TASK ITEM → When you reach the line containing "Blaues Langarm-Poloshirt mit", stop after it; until then, copy each line of the listing exactly, starting with the first.

>>

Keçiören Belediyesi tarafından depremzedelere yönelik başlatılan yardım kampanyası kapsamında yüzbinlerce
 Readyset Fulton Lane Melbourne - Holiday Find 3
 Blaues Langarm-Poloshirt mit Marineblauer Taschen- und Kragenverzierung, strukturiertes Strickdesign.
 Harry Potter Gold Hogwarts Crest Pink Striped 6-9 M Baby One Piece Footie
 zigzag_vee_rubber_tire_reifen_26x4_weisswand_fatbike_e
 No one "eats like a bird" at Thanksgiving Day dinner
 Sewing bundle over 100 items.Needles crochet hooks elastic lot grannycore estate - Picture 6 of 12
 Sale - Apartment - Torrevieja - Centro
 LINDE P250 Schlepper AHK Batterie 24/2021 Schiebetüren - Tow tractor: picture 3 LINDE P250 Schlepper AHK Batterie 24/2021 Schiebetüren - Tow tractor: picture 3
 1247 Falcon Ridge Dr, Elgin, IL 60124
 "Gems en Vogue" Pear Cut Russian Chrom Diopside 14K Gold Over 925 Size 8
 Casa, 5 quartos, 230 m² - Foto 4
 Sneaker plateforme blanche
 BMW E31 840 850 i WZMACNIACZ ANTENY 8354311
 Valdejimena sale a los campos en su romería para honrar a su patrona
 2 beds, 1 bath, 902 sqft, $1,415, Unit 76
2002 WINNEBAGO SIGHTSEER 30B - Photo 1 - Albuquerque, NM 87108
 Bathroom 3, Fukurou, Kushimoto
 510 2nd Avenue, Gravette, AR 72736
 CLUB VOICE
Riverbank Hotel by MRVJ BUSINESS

<<

ANSWER SPACE →
Keçiören Belediyesi tarafından depremzedelere yönelik başlatılan yardım kampanyası kapsamında yüzbinlerce
 Readyset Fulton Lane Melbourne - Holiday Find 3
 Blaues Langarm-Poloshirt mit Marineblauer Taschen- und Kragenverzierung, strukturiertes Strickdesign.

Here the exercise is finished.